With master’s degrees and motherhood under her belt, Marine Lloris, wife of Tottenham Hotspur captain and goalkeeper Hugo Lloris, is now turning her hand to fashion with the launch of her own luxury girlswear brand, Manège en Sucre

 

Laura Turner: With master’s degrees in social psychology and human resource management, what led you into childrenswear design?
Marine Lloris: I love psychology. I studied for five years, specialising in human resources. After having my first daughter, I stopped working, moved from Nice to Lyon and then to London. After my second daughter, I felt ready to work again.

Since I was a child, I was always creative – from painting to playing the piano – and growing up, I was drawn to textiles, different fabrics and the use of colour. So as an adult, I felt inspired to create something. It was when I had my girls that I found the perfect opportunity to channel my passion for creativity with my love of fashion.

Initially, I considered a maternitywear brand, but having so much fun dressing my own girls led me to settle on childrenswear – girlswear specifically. I started alone, working on building the brand for a year and a half before meeting my designer, Claudia Gamba. We now work together on the brand.

LT: How would you summarise the look of your brand?
ML: French; chic, sweet and smart. Manège en Sucre has its own vibe and a strong sense of dressing kids as kids.
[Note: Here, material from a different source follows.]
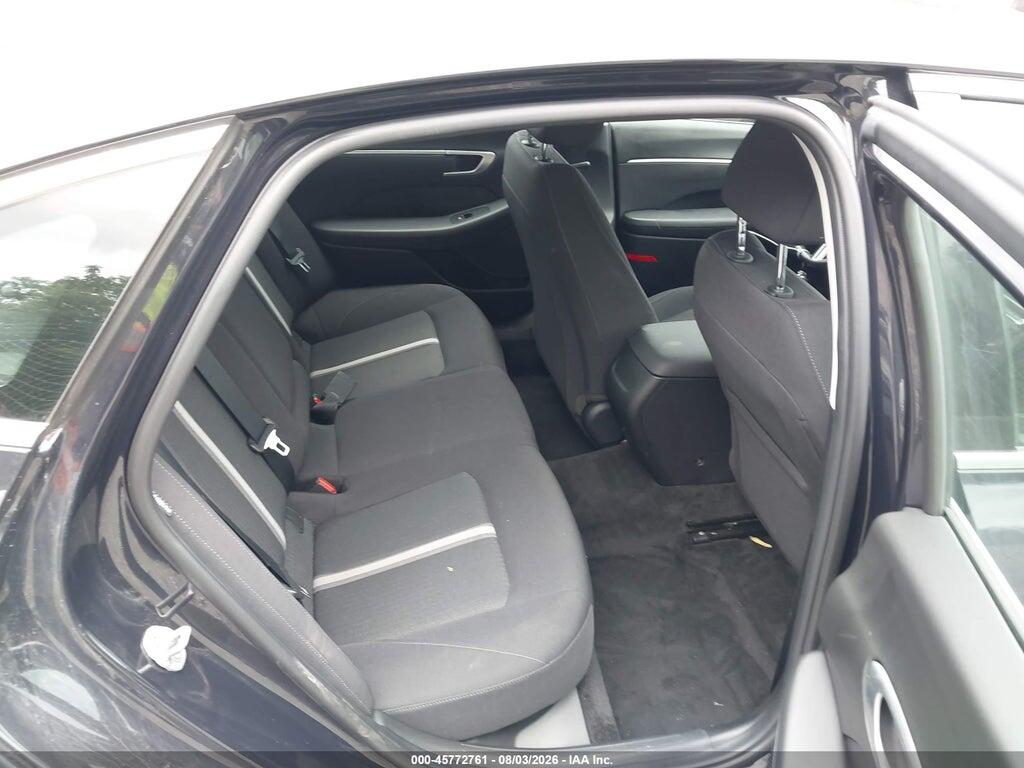 KMHL64JA7SA473025 2025 HYUNDAI SONATA photo no. 8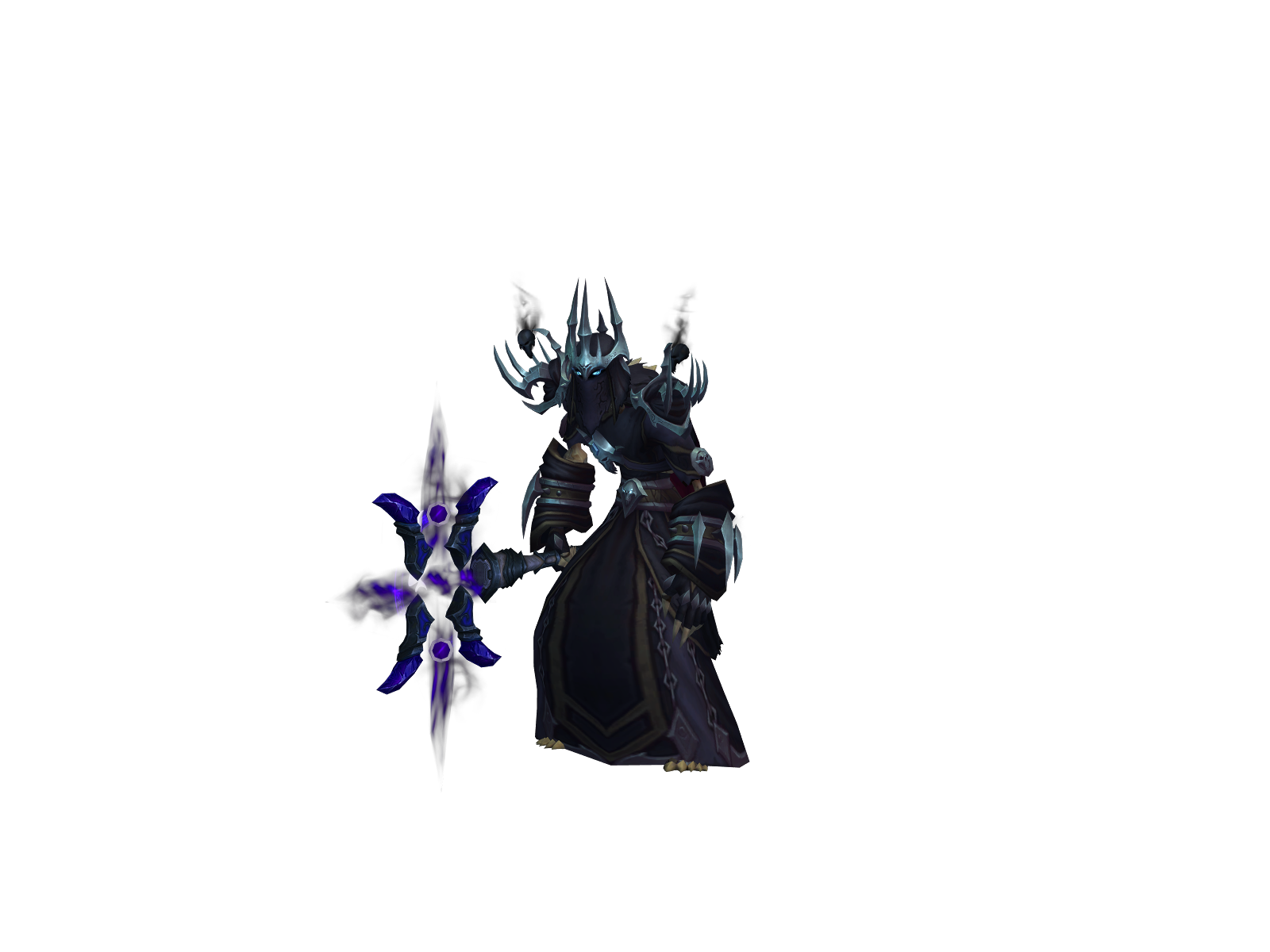 Mindfreêze 3D character render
LT: Can you tell me more about your debut collection for a/w 17?
ML: It’s a very Christmassy capsule collection of dresses for 2-12 years, with each dress named after a princess. A Christmas dress is a must for me; I always pick one for my daughters to wear on Christmas Eve and another for Christmas day – it’s tradition. I feel the collection really captures that sense of celebration. In terms of design, there’s lots of glitter, shine and attention to detail, such as Swarovski Crystal on the zip pulls. It’s important that the garments do more than look nice, I want children to want to wear the dresses and to be comfortable all day, which is why I include elements such as high quality, soft cotton linings.

LT: What can we expect from your second collection for s/s 18?
ML: The look is fresher and simpler, and includes shades of mint and peach. There are more everyday pieces as well as items for special occasionwear.

 

Manège en Sucre

 

LT: What inspires you design-wise?
ML: I’m naturally attracted to certain colours and designs – I know very quickly if I like something. I do try to incorporate fashion trends, but I’m not led by them. It’s often a case of meeting somewhere half way, but I have to love something to go with it.

LT: Do your daughters provide you with feedback?
ML: Yes, my girls are my muses. They are very honest about the dresses and are always giving me ideas about how to make them even more special – they both love anything shiny, for instance. They also help me a lot in terms of the cut of the garments and how shapes work on different ages.

LT: Would you consider branching into boyswear?
ML: I think the brand will remain girlswear-only. I don’t find the thought of designing boyswear as much fun, there’s more potential and more options in girlswear. It’s hard to create a luxury brand for boys and the high street does boyswear very well.

LT: Where is Manège en Sucre available?
ML: The Christmas collection has launched exclusively in the childrenswear concession of Harvey Nichols Knightsbridge, on the Harvey Nichols website and via manege-en-sucre.com. We will be expanding to more stockists, but we want to keep our volumes low, our quality perfect and our distribution exclusive.

LT: Which other childrenswear brands do you admire?
ML: I like Bon Point and I bought Tartine et Chocolat a lot for my daughters when they were babies. I don’t buy something for the brand name though – if I like a style, I’ll shop for it.

LT: Where did the name Manège en Sucre come from?
ML: Translated, it literally means Carousel in Sugar. The carousel element is because my daughters adore them and ‘sugar’ rounded it into a proper brand name and made it a bit sweeter. I designed and illustrated the brand logo myself, which is of a carousel with a horse on a striped candy cane.

LT: What are the plans for the brand?
ML: To develop in London and the UK – the a/w and s/s collections will only be available in the UK. Once we are more established here, we will look to expand into Europe.